Department of Biology, Stanford University, Stanford, CA, 94305, USA.
Department of Mathematics, University of Pisa, 56126, Pisa, Italy.
Bull Math Biol. 2019 Feb;81(2):452-493. doi: 10.1007/s11538-018-0444-0. Epub 2018 Jun 6.
The neighbor-joining algorithm for phylogenetic inference (NJ) has been seen to have three specific properties when applied to distance matrices that contain an admixed taxon: (1) antecedence of clustering, in which the admixed taxon agglomerates with one of its source taxa before the two source taxa agglomerate with each other; (2) intermediacy of distances, in which the distance on an inferred NJ tree between an admixed taxon and either of its source taxa is smaller than the distance between the two source taxa; and (3) intermediacy of path lengths, in which the number of edges separating the admixed taxon and either of its source taxa is less than or equal to the number of edges between the source taxa. We examine the behavior of neighbor-joining on distance matrices containing an admixed group, investigating the occurrence of antecedence of clustering, intermediacy of distances, and intermediacy of path lengths. We first mathematically predict the frequency with which the properties are satisfied for a labeled unrooted binary tree selected uniformly at random in the absence of admixture. We then introduce a taxon constructed by a linear admixture of distances from two source taxa, examining three admixture scenarios by simulation: a model in which distance matrices are chosen at random, a model in which an admixed taxon is added to a set of taxa that reflect treelike evolution, and a model that introduces a perturbation of the treelike scenario. In contrast to previous conjectures, we observe that the three properties are sometimes violated by distance matrices that include an admixed taxon. However, we also find that they are satisfied more often than is expected by chance when the distance matrix contains an admixed taxon, especially when evolution among the non-admixed taxa is treelike. The results contribute to a deeper understanding of the nature of evolutionary trees constructed from data that do not necessarily reflect a treelike evolutionary process.

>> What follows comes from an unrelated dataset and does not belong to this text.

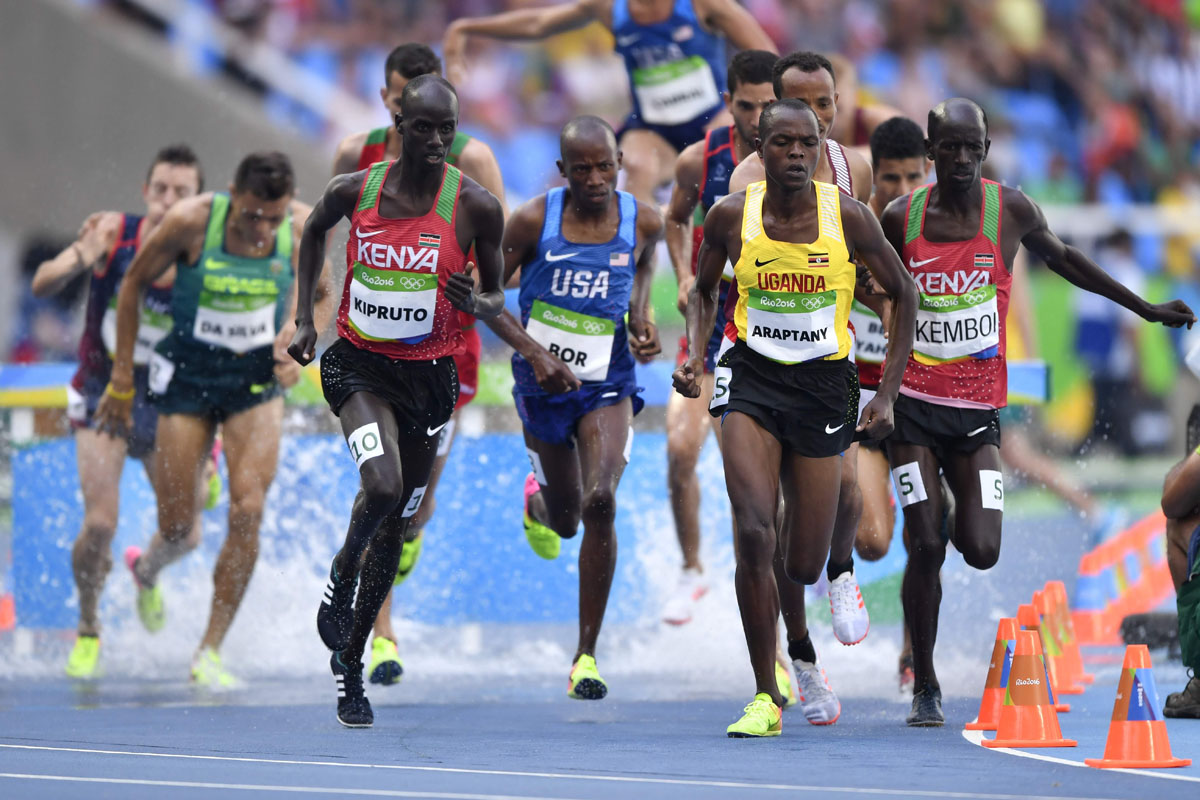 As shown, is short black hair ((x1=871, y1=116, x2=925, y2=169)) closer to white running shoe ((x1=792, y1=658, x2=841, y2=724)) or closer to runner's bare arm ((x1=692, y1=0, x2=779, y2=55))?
runner's bare arm ((x1=692, y1=0, x2=779, y2=55))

邻接法(NJ)用于系统发育推断时,当应用于包含混合分类单元的距离矩阵时有三个特定属性:(1)聚类优先性,即混合分类单元与其中一个来源分类单元聚在一起,然后这两个来源分类单元彼此聚在一起;(2)距离中介性,即在推断的 NJ 树中,混合分类单元与其来源分类单元之一之间的距离小于两个来源分类单元之间的距离;(3)路径长度中介性,即混合分类单元与其来源分类单元之一之间的边缘数小于或等于来源分类单元之间的边缘数。我们检查了包含混合群的距离矩阵上的邻接法的行为,研究了聚类优先性、距离中介性和路径长度中介性的发生情况。我们首先从不存在混合的情况下随机选择的无根二叉树的均匀标签中,从数学上预测这些属性满足的频率。然后,我们引入了由两个来源分类单元的距离的线性混合构成的分类单元,通过模拟检查三种混合情况:一种是随机选择距离矩阵的模型,另一种是将混合分类单元添加到反映树状进化的分类单元集合中的模型,以及一种引入树状场景扰动的模型。与之前的推测相反,我们观察到包含混合分类单元的距离矩阵有时会违反这三个属性。然而,我们还发现,当距离矩阵包含混合分类单元时,它们比随机情况下更经常满足,尤其是当非混合分类单元之间的进化是树状的时。这些结果有助于更深入地了解从不一定反映树状进化过程的数据构建的进化树的性质。